● **Exercise goal**
Beginning with the line containing "Miniatura 3 de" and going on through the line containing "18 Simple Garden", the lines below are to be returned exactly, pictures excluded and nothing added.

● **Stored data**
-=-=-
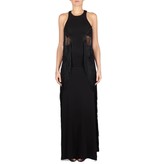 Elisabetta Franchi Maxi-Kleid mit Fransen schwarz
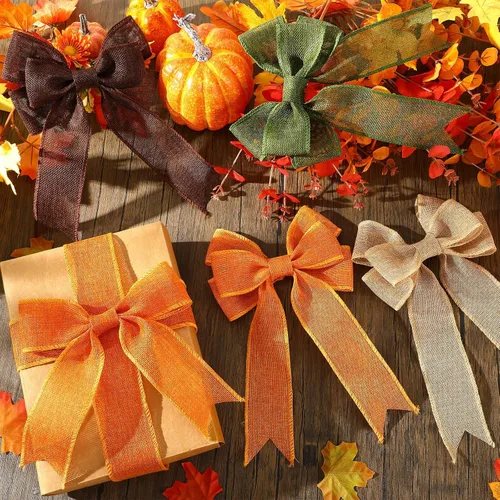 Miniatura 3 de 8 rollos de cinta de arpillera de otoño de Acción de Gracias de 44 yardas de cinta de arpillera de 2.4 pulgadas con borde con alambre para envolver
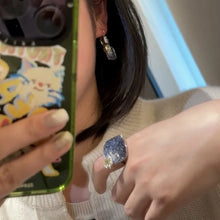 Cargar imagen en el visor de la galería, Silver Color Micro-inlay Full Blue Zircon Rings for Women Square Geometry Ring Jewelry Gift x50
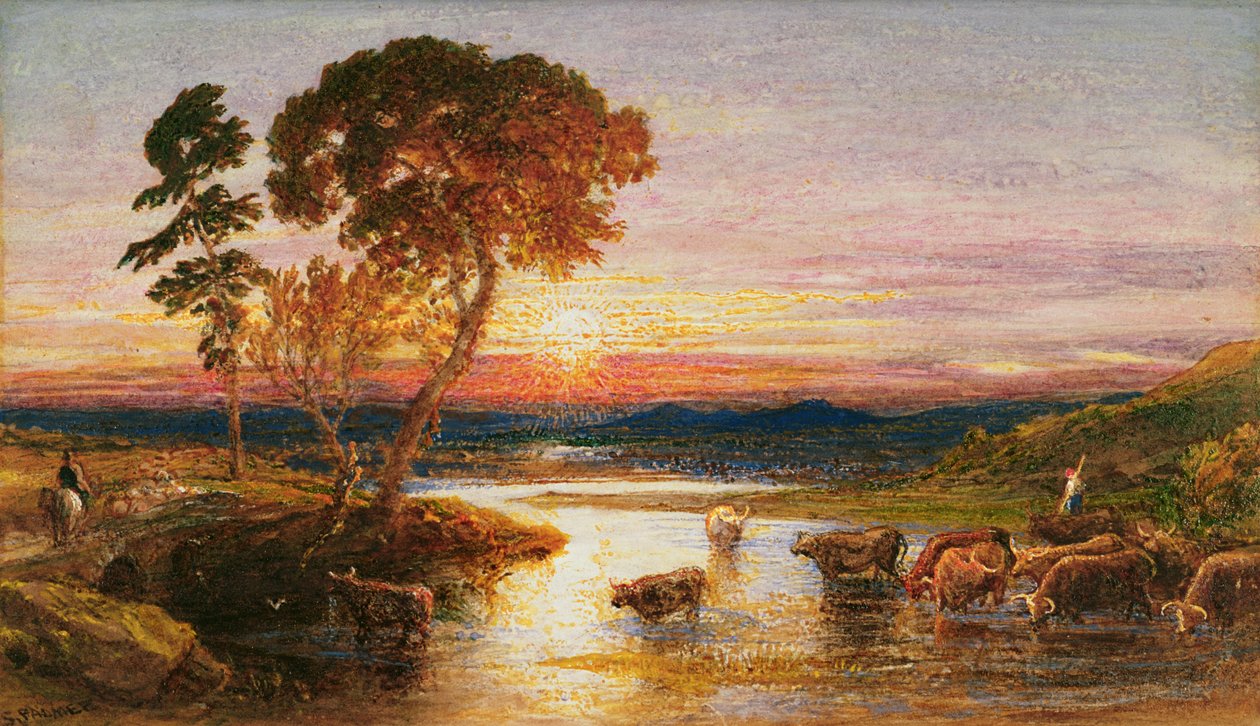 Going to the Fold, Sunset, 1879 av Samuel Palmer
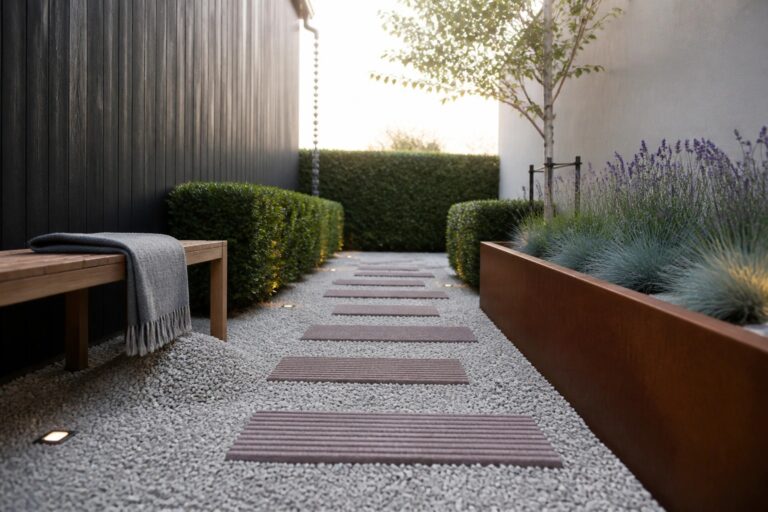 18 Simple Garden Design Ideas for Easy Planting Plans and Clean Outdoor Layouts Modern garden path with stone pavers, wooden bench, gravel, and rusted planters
-=-=-
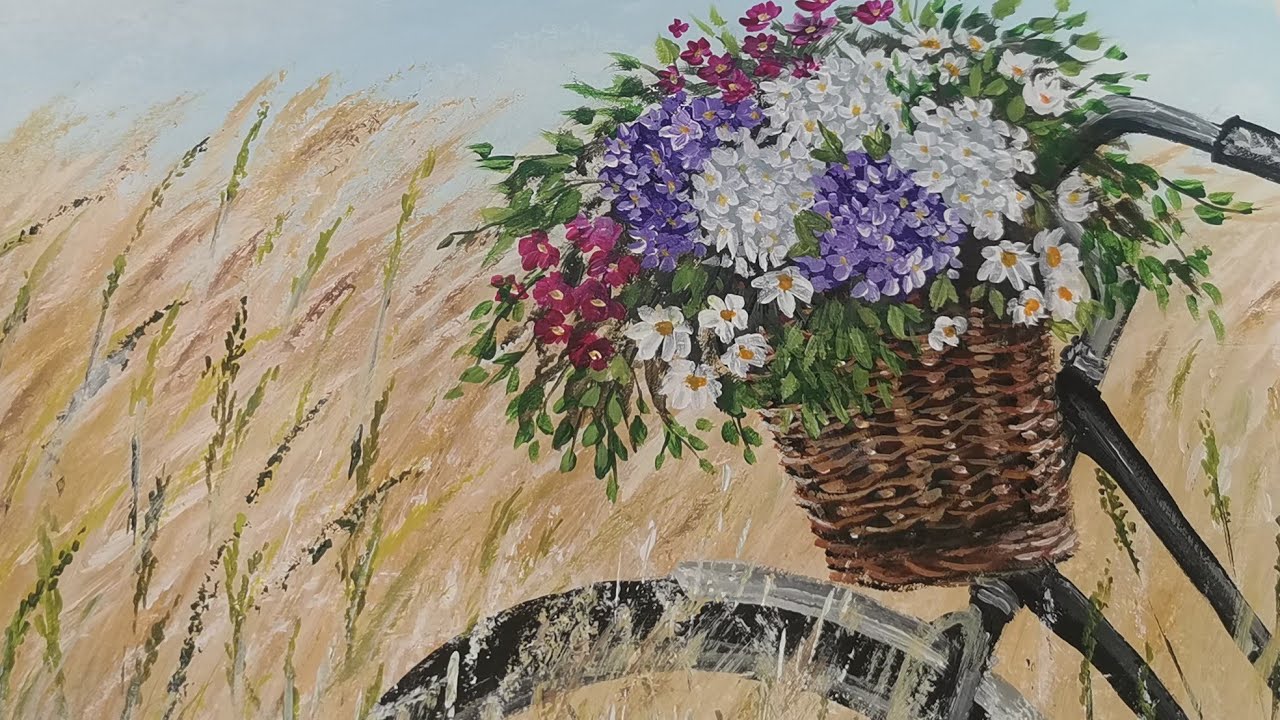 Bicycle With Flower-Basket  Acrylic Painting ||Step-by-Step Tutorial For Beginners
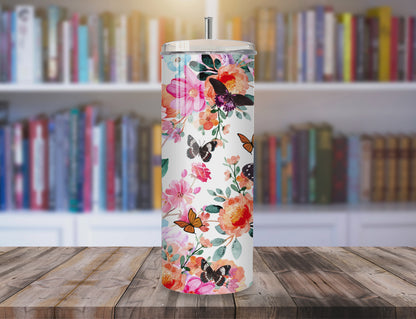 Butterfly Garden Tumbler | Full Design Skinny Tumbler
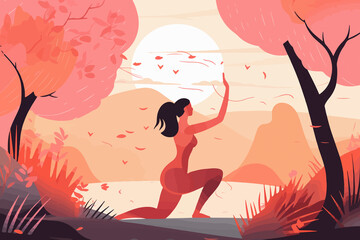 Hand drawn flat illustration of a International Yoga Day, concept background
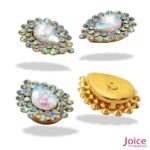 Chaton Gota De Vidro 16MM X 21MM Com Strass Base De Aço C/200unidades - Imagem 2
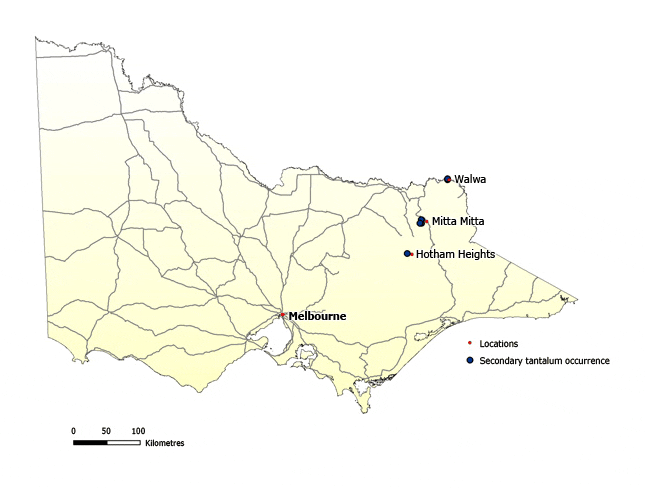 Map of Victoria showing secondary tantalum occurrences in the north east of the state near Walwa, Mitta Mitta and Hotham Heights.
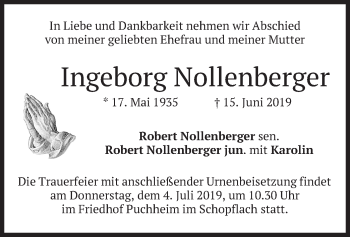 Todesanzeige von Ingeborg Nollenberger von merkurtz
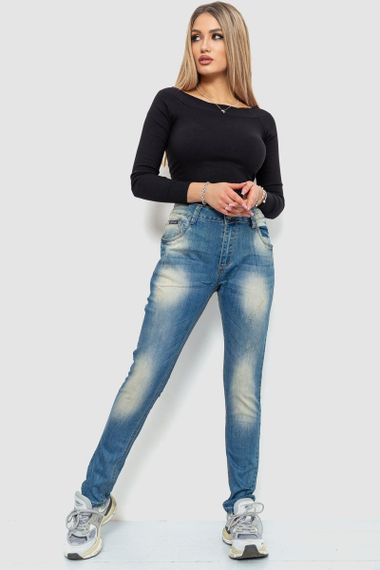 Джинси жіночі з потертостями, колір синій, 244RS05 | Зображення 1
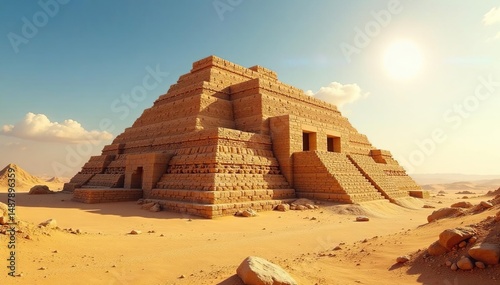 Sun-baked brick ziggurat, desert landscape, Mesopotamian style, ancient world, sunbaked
-=-=-
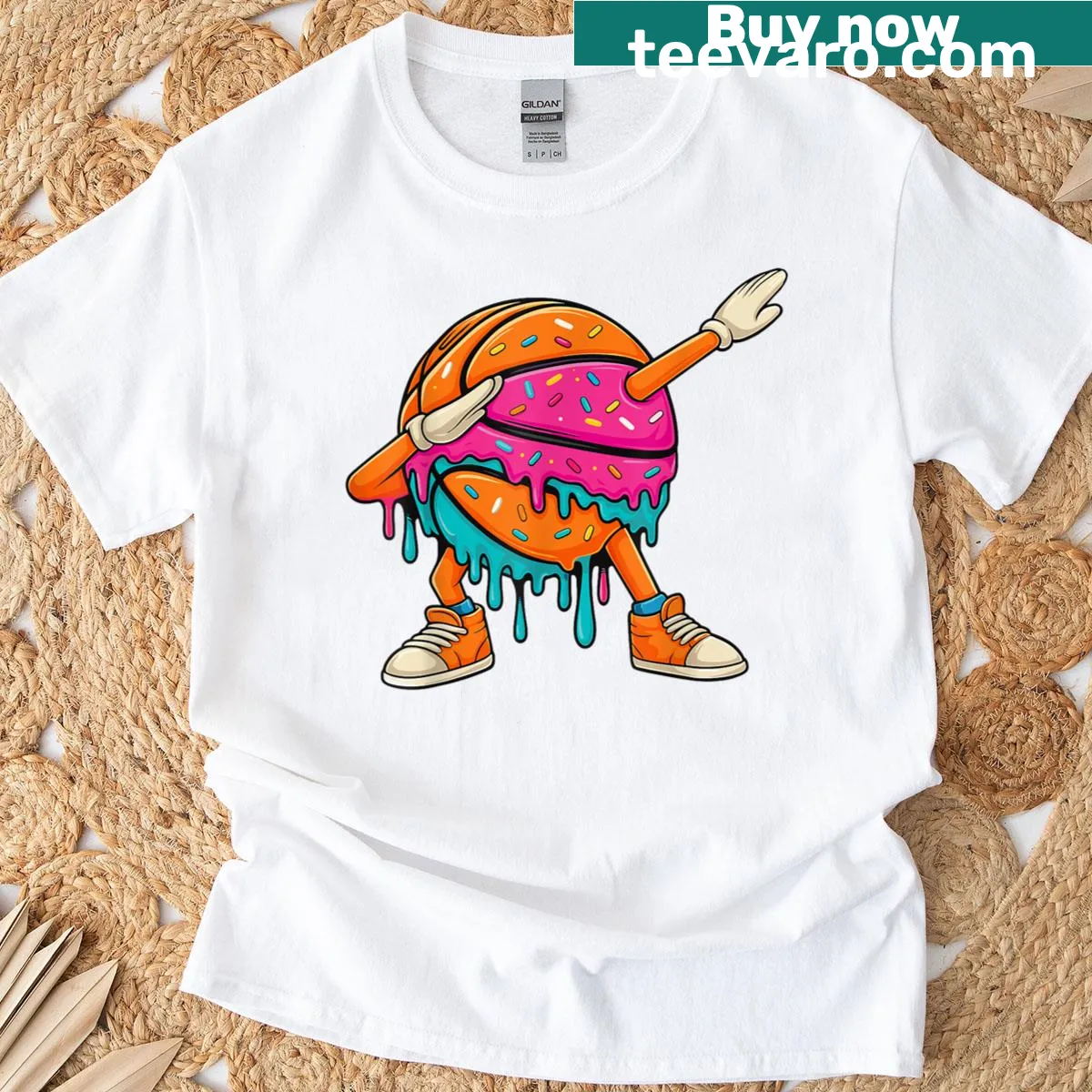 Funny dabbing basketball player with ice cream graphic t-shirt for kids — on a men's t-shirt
-=-=-
● **Response to this exercise**
 Miniatura 3 de 8 rollos de cinta de arpillera de otoño de Acción de Gracias de 44 yardas de cinta de arpillera de 2.4 pulgadas con borde con alambre para envolver
 Cargar imagen en el visor de la galería, Silver Color Micro-inlay Full Blue Zircon Rings for Women Square Geometry Ring Jewelry Gift x50
 Going to the Fold, Sunset, 1879 av Samuel Palmer
 18 Simple Garden Design Ideas for Easy Planting Plans and Clean Outdoor Layouts Modern garden path with stone pavers, wooden bench, gravel, and rusted planters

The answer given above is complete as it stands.